Prepare XML files for MS-DIAL 📄🛠️

To speed up the process, we can add a 1 tag to each of the remaining annotated features in our SummarizedExperiment object. In MS-DIAL, a 1 tag simply refers to a confirmed metabolite, but for our purposes, we simply need a way to filter the tens of thousands of peaks down to just the ones we need to check.

MS-DIAL actually creates a file already, and so we can just update the two .xml files for the positive and negative ionisation modes.

Where are these files?

These files are located in the main MS-DIAL project folder where you processed the raw LCMS data.

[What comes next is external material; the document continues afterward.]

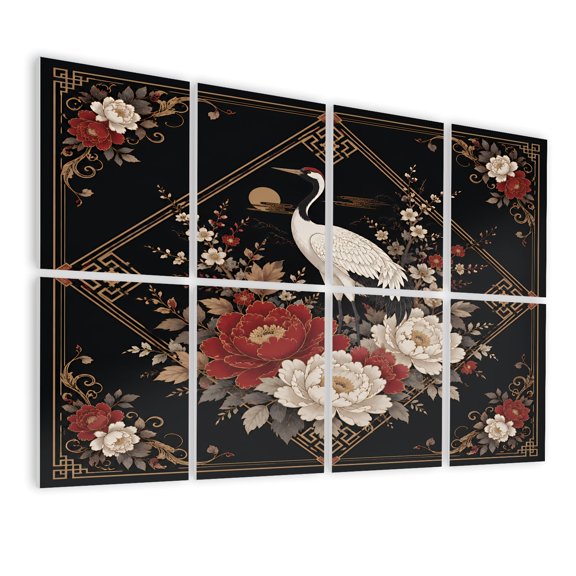8 Pack Art Acoustic Panels Sound Absorbing Elegant Crane Red White Peonies Floral Frame Black Decorative Soundproof Wall Panels Self Adhesive for Nursery Game Room Bedroom 48"x32"
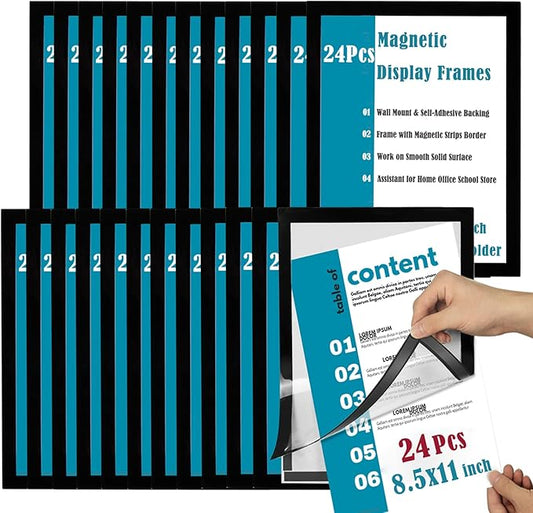 8.5x11 Magnetic Sign Holder Wall Mount,Self-Adhesive Plastic Display Frames,Clear PVC Sign Holder with Magnet Strip Border for Window/Door/Fridge/Document Notice Paper(24Pcs,Black)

If you followed the recommendation to choose a custom project name in MS-DIAL, then this will be a lot easier

For example, if your named your project files:
- metab_stool_pos.mdproject
- metab_stool_neg.mdproject
Then these files will be:
- metab_stool_pos_tags.xml
- metab_stool_neg_tags.xml

Generate a curation table 📋

To begin, we will generate a curation table that will identify which features we will need to manually check. The make_curation_table() function will do this for us.

Parameters for make_curation_table()

Parameter	Description
`metab_SE`	A `SummarizedExperiment` object with secondary annotations, which has been filtered for just annotated features.

Generate curation table

# Make the curation table
curation_table <- make_curation_table(metab_SE = metab_stool_glog)

# Save curation table
curation_dir <- here('input', '01_LCMS', 'manual_curation')
saveRDS(curation_table, here(curation_dir, 'curation_table.rds'))

Save your curation table

Ensure you save the curation table, because you will need to it read back in the manual curation results from the MS-DIAL XML tag files.

Prepare the relevant XML files for MS-DIAL 🗂️⚙️

MS-DIAL uses the tag files for identifying which features have certain available peak spot characteristics.

What peak spot tags does MS-DIAL use?

There are 5 different "Peak Spot Tags" in MS-DIAL. We are just co-opting the Confirmed tag as a marker for manual curation. The current tags for peaks are:

Confirmed
Low quality spectrum
Misannotation
Coelution (mixed spectra)
Overannotation

We will use tag 2 to mark poor quality peaks as we curate.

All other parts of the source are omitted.